# Compute

As a data scientist, you need to tap large amounts of compute power for extended periods of time, reliably and efficiently.

cnvrg provides powerful features for managing compute, whether in a Kubernetes cluster or on-premise machine.

cnvrg provides several default compute templates (predefined sets of computer resources). You can modify these and add new compute templates with no special effort.

In most instances, you configure the computes you'll need once, in the form of compute templates, at system setup. These become available across your entire organization.

Then you select one or more computes during the creation of your experiment, workspace, flow, apps and serving.

You can do this through the cnvrg web UI, or by using a cnvrg CLI command or cnvrg SDK call.

In running the job, cnvrg attempts to use the compute in the order in which you attach them, based on available resources. If the first compute is unavailable, cnvrg attempts to use the second compute and so on.

The topics in this page:

# Compute Templates

A compute template is a predefined set of computer resources. It consists of information to define CPUs, GPUs, memory and other metadata. A template exists for a specific compute resource (Kubernetes cluster or on-premise machine).

Technically, a compute template describes either one or more Kubernetes pod, or an on-premise machine. Each template you add is a different set of resources to use as a compute engine when running a job - either as a pod on a Kubernetes cluster or as a specific on-premise machine.

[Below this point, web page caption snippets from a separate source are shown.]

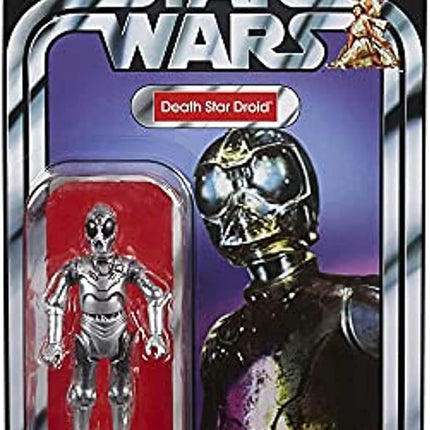 Star Wars Vintage Collection Death Star Droid Figure 10cm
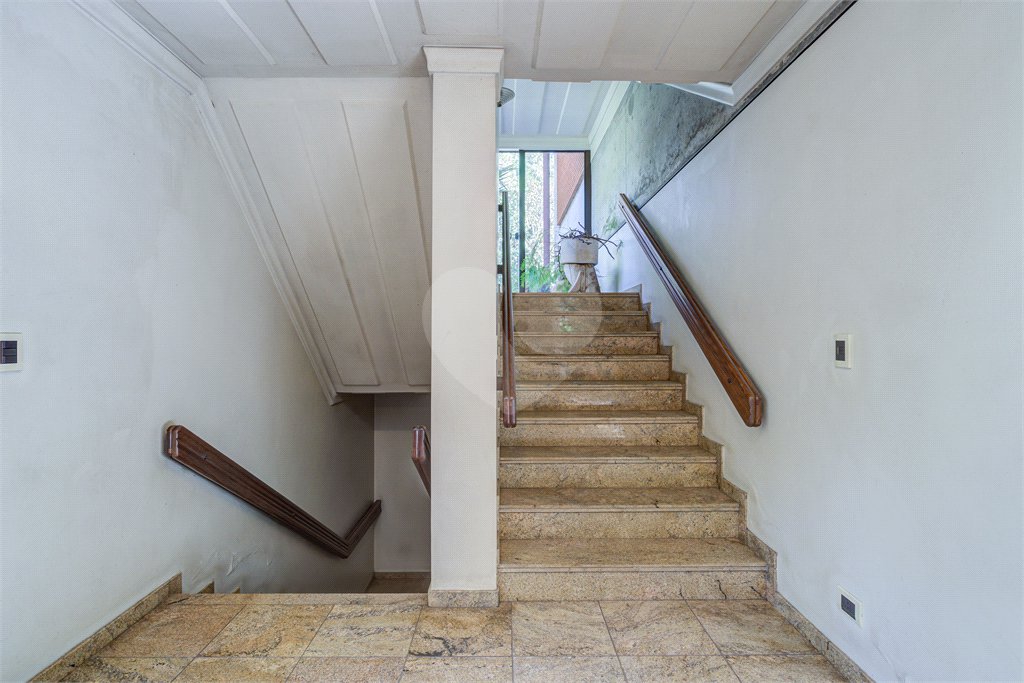 Casa à venda ou para alugar com 4 suítes no condomínio Chácara Flora, São Paulo - SP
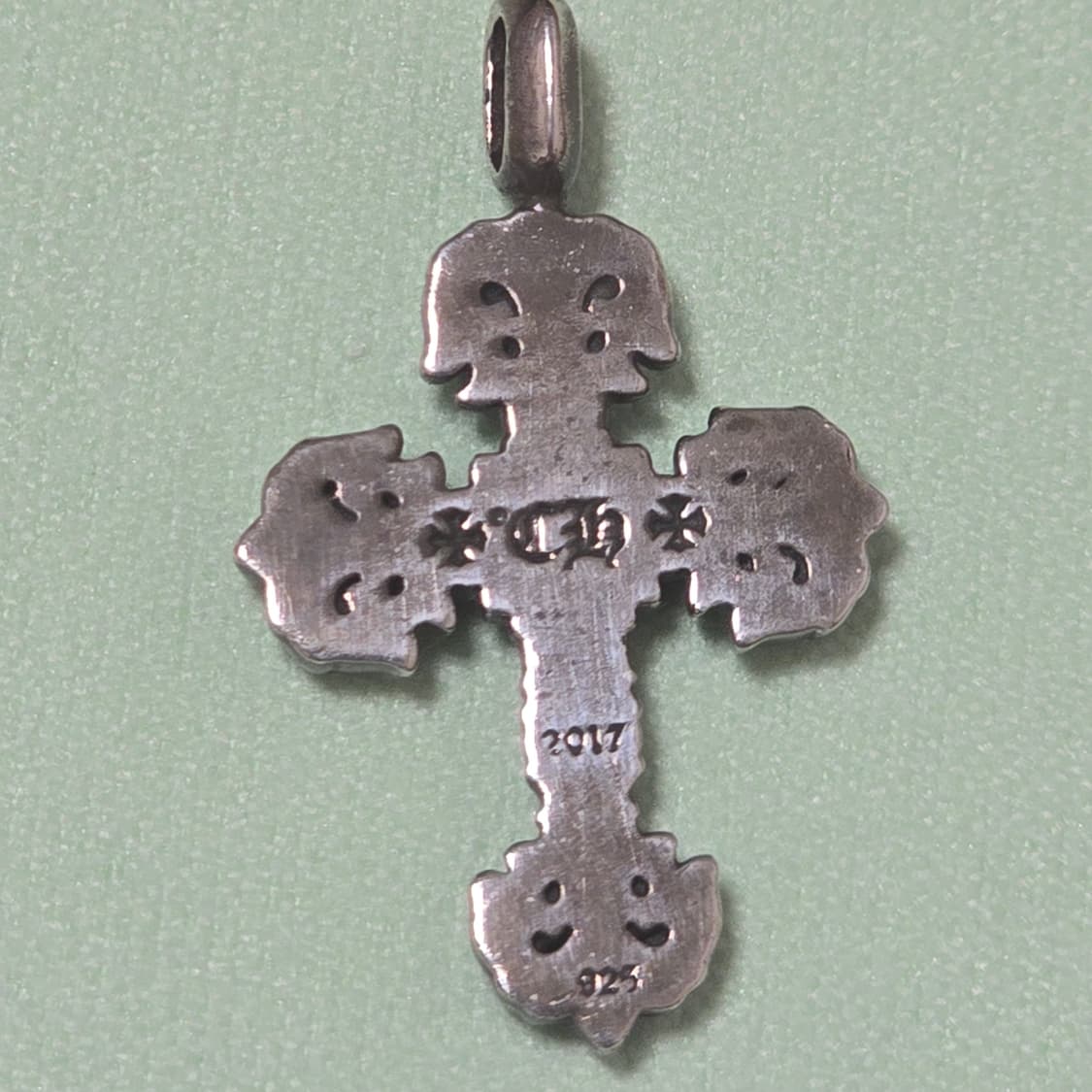 크롬하츠 필리그리 참 상품이미지3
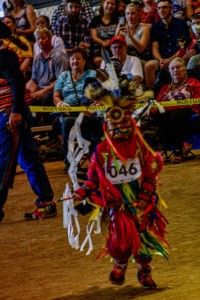 2021 Dance Competitions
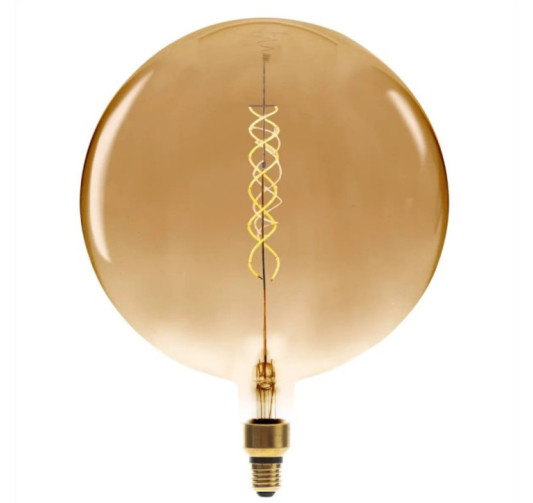 AMPOULE LED GLOBE D30CM
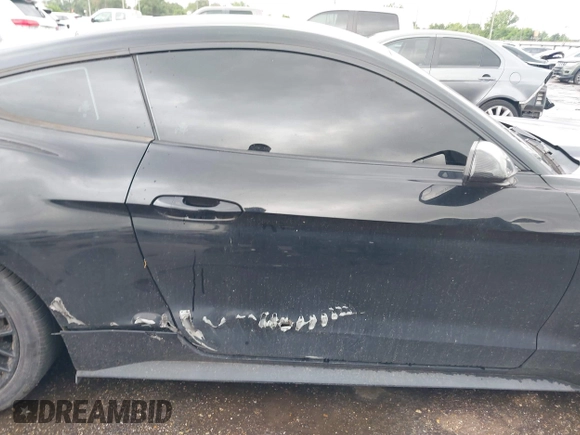 2015 Ford Mustang GT with VIN 1FA6P8CF0F5412781, listed as a IAAI auction lot 42186800 with 113,403 mi miles and . Bid and sale history available at DreamBid. Image 13.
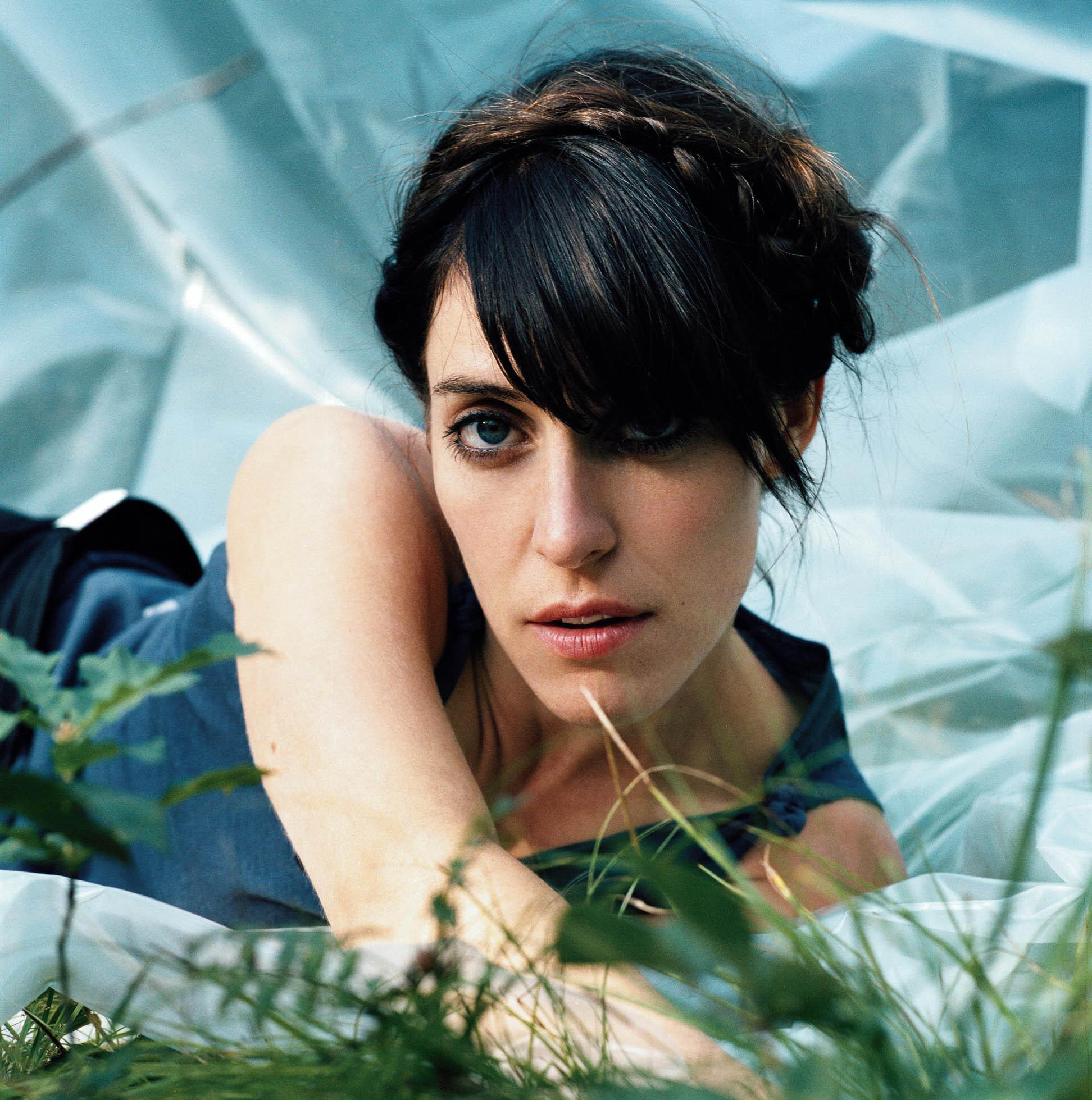 Feist все песни в mp3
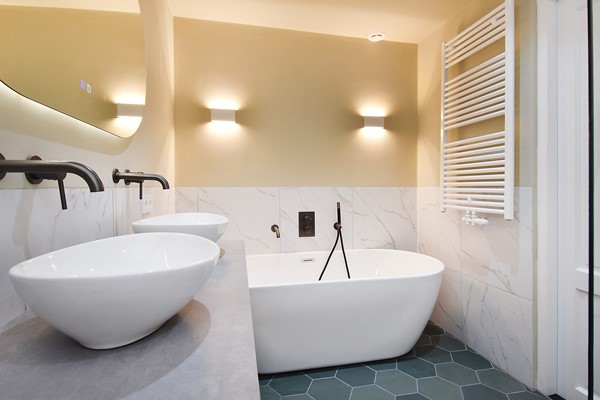 Medium property photo - Oostmaasstraat 29A, 3061 ZP Rotterdam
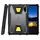 Ulefone Armor Pad 5 Pro 5G 11" 2025 12 GB RAM 512 GB Schwarz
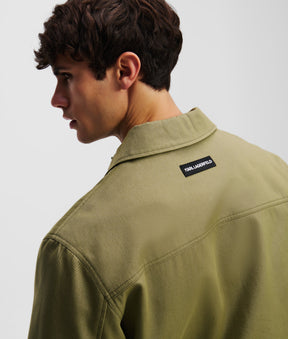 Utility jacket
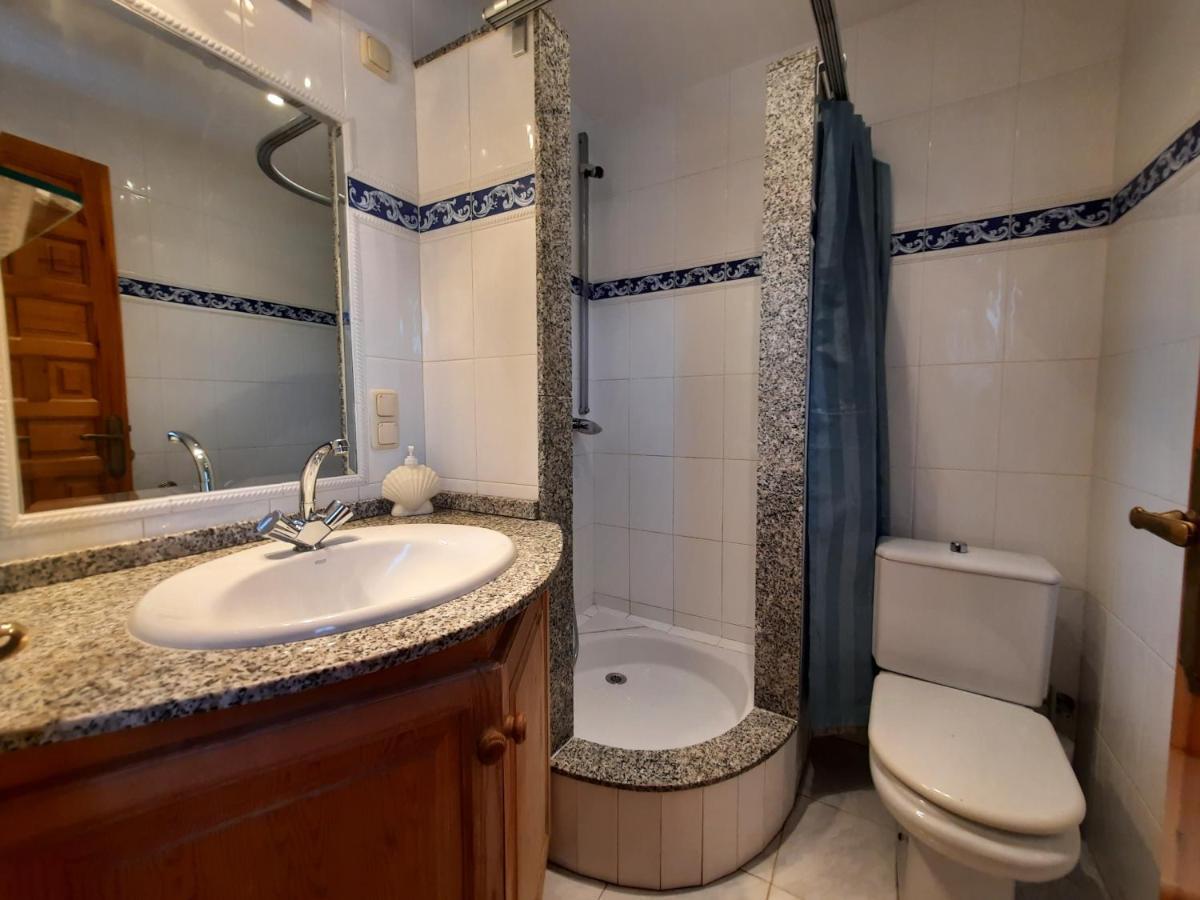 Villa Prestige Бениса Экстерьер фото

Your templates are available for selection whenever you encounter a Compute drop-down list. When you select one of your templates, cnvrg checks if the required resources are available in your cluster or the machine is available and attempts to allocate the resources of the requested size. For more information, see Using Compute in Jobs.

For each resource you are connected to, cnvrg automatically creates a set of default compute templates. You can customize existing templates, add templates or remove templates as desired.

There are three types of compute templates:

Type of Template Explanation
Regular A regular template is a set of resources defining a single pod that will be launched on a single node (ie. non-distributed). A machine's template is a regular template as well.
Open MPI This type of template is used for multi-node distributed jobs. It allows you to run any Open MPI compatible workload or job as a distributed workload over more than one node. The details of the master node and workers nodes can be defined separately.
Spark A Spark template is used for running distributed processing jobs using Spark. The details of the master node and workers nodes can be defined separately.

# Add a compute template

You can add compute templates to a cluster.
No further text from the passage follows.